3. Embrace out-of-the-box functionality

Using out-of-the-box functionality for most of your requirements can make the difference between quick wins or multiple extended testing cycles for custom configurations. Don’t be daunted by slightly adjusting your business processes to align with out-of-the-box functionality. Through years of testing, innovation, and experience from thousands of projects, many EHS platforms have built their systems around common scenarios and best practices. Taking advantage of this will save you time, money, and headaches. It’s a great starting point for an initial implementation and will require far less effort to support.

You will, of course, still need a platform that can be configured to suit your organisation’s specific needs. As a rule of thumb, out-of-the-box capabilities should meet approximately 70-90% of your requirements, with the remaining 10-30% being configurable to fill in the gaps. You may, for example, need to configure workflows for different scenarios in your workplace, add more fields to a form for one user type as opposed to another, produce regional reports, and so on.

4. Focus on usability and engage early and often with end users

Optimise functionality with your end users in mind, remembering that they might not have EHS backgrounds or may not be highly capable with technology. If end users work alongside the core team through the discovery, design, configuration, and implementation stages, you’ll reduce the risk of encountering structural issues at rollout.

The key to productive engagement and adoption is to create an environment of comfort and compatibility for the full range of end users. Engage end users and super users early to obtain their buy-in. Test the reactions of a key group of end users to gather critical feedback during some limited-exposure groups. Be responsive and incorporate changes quickly to refine the solution and streamline the user interface.

5. Keep the build agile, iterative and disciplined

It’s much easier and more efficient to start with small projects that build momentum. Projects were once massive onsite affairs with the entire implementation team co-located in one office. Today’s web-based platforms are more modular and flexible, resulting in a lower implementation risk and greater value for the time invested. Start with a focused project and deliver incremental value back to the business in smaller releases with shortened release cycles. When larger phases are needed, your team and end users will already be familiar with navigating the platform.

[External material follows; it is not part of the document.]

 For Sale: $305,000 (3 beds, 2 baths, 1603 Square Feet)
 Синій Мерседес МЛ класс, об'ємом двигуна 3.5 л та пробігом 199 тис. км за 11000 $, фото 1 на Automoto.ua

It’s best not to become distracted by last-minute business demands, especially if they’re not well defined. Saying yes to requested changes can impact your overall scope and schedule. Establish a process to collect and validate last-minute requests that can achieve a balance between incorporating them into the final configuration or a later release.

6. Engage an implementation partner

To fill in your knowledge gaps and avoid learning lessons the hard way, seek out a reliable implementation partner that has a good track record of delivering EHS software deployments and maintaining training and certifications across multiple platforms.

Consider your potential partner’s certifications, and don’t hesitate to ask for their client references or get more details on recent deployments. Especially if you’re implementing an EHS system for the first time, you’ll want a partner that can integrate their expertise into your team and facilitate knowledge transfer during the project.

Although there are always risks involved in implementing a new EHS management software, it doesn’t need to be a terrifying process. With this advice, you’ll be well on the path to choosing and implementing the right EHS management system and achieving significant value for your business.